Saturday, 7 April 2012

The Watch That Ends the Night: Voices from the Titanic



HB RRP $27.95
ISBN 978-0-7636-3703-3
Reviewed by Anastasia Gonis

A hundred years from the sinking of the Titanic, Allan Wolf shows us that this event is still a subject not easily exhausted. He has gone to extraordinary lengths to prepare an unusual and fascinating personal view of a tragedy that shocked the world. It is also stylistically unique. The text is fashioned on the pages to complement the context of the prose – sometimes wavy, sometimes rhyming, always unpredictable, yet perfect in style.

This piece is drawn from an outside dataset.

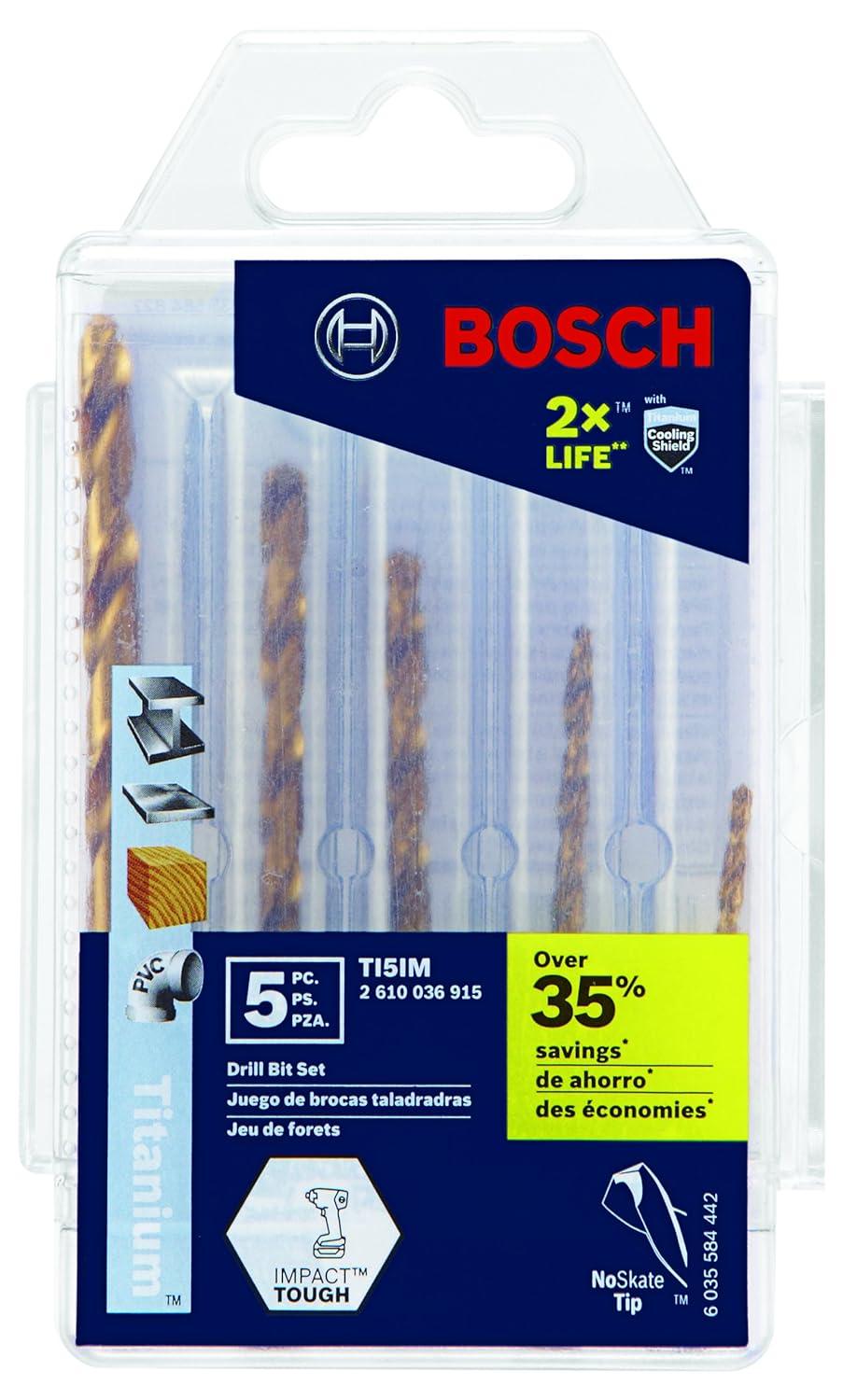 BOSCH TI5IM 5-Piece Set Tested for TiN Coating, Impact-Rated Shanks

The personal view is presented by twenty-five voices narrating their experiences. They are the voices of the passengers that survived (and others from ones that didn’t make it) from varying class decks, and those of the staff and crew of the liner which include the ship builder, captain, stoker, baker and countless others. We view these characters and their reasons for the voyage through narratives that are sharp and clear. Interspersed with the portentous, detached and cold voice of the Iceberg - we hear their fears and longings, strengths and weaknesses.

But there are painful and confronting narratives, such as the opening one from John Snow the Undertaker, which thrusts the reader inside the difficult but courageous role he owns. ‘To ease my queasy stomach, I am lying down atop the empty coffins stacked neatly across the Mackay–Bennett’s decks…You could say my living is death. I am the Undertaker. I have come for the bodies.’ He later describes the grisly yet essential task of recovering the dead from the sea, followed by the meticulously documentation of evidence needed to ascertain the identity of each body.

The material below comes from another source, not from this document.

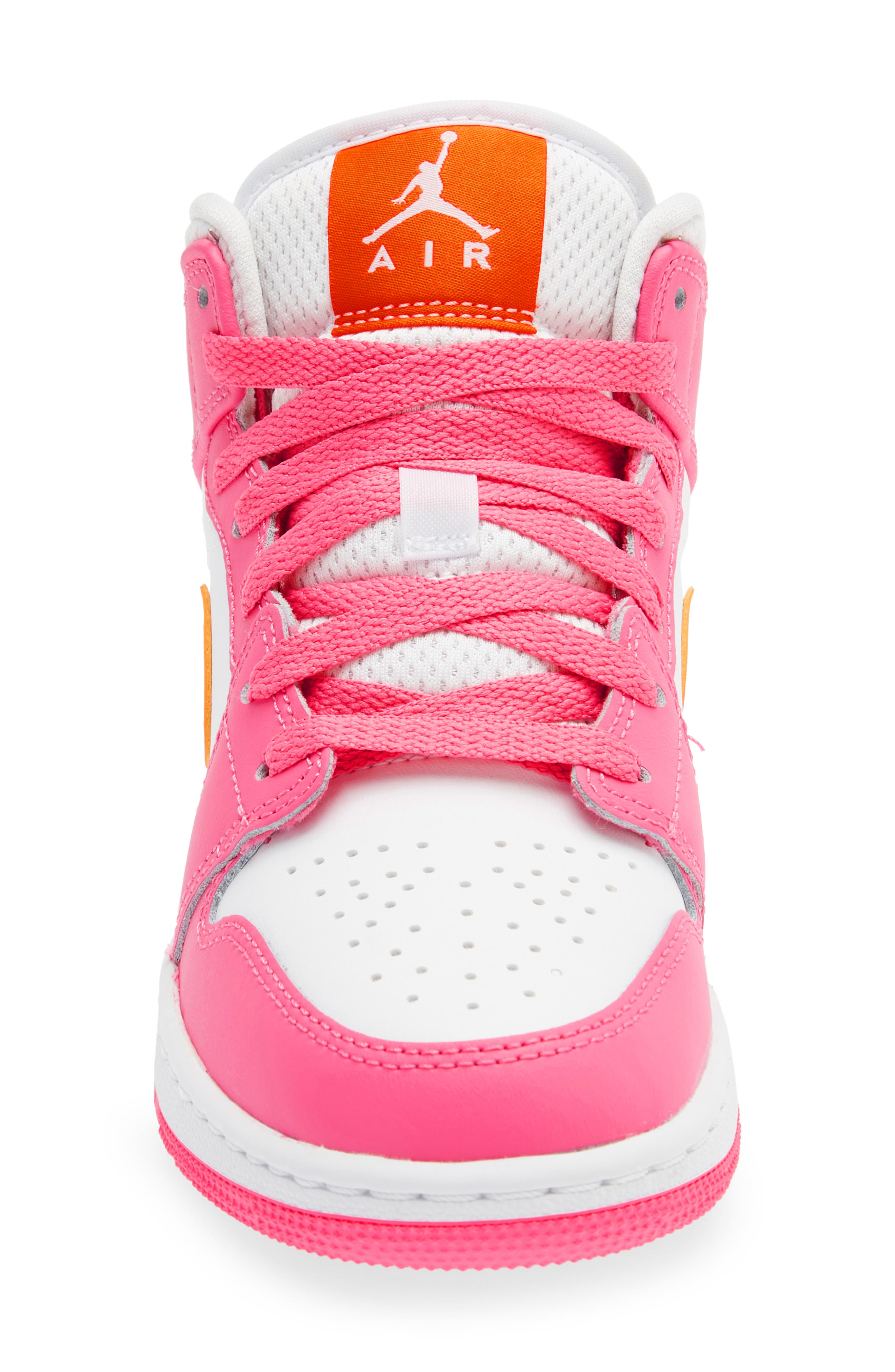 Jordan Air Jordan 1 Mid Sneaker, Alternate, color, Pinksicle/ Orange/ White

The Six Watches are covered in detail up to the climactic ‘Seventh Watch That Ends the Night’ The Author’s Note addresses the Mystery Ship whose lights were seen on the night of the collision and Wolf has gone so far as to include interesting and informative Character Notes on twenty-two of the voices. There is a listing of the real-life passengers and crew mentioned in the book and their fate – lost and saved, plus a listing of the Titanic Societies. Lots of additional interesting trivia facts spice up the end of the book.

To round off this extraordinary body of research, there are copious Notes that clarify details and explain any contradictions that may have occurred between the narratives and the documented information. There is a generous bibliography that includes details of Articles, Periodicals, Government Documents, Encyclopaedia Titanica Research, Internet and Audio Files, and countless other resources. Wolf goes so far as to include a well-researched biography of the real people mentioned in the book, and what happened to them, the fate of other historical persons mentioned in the novel, a listing of which people were lost and who was saved, and a miscellany of RMS Titanic statistics.

This fantastic book for young and older readers is an asset to any collection due to its unique approach to an immortal subject.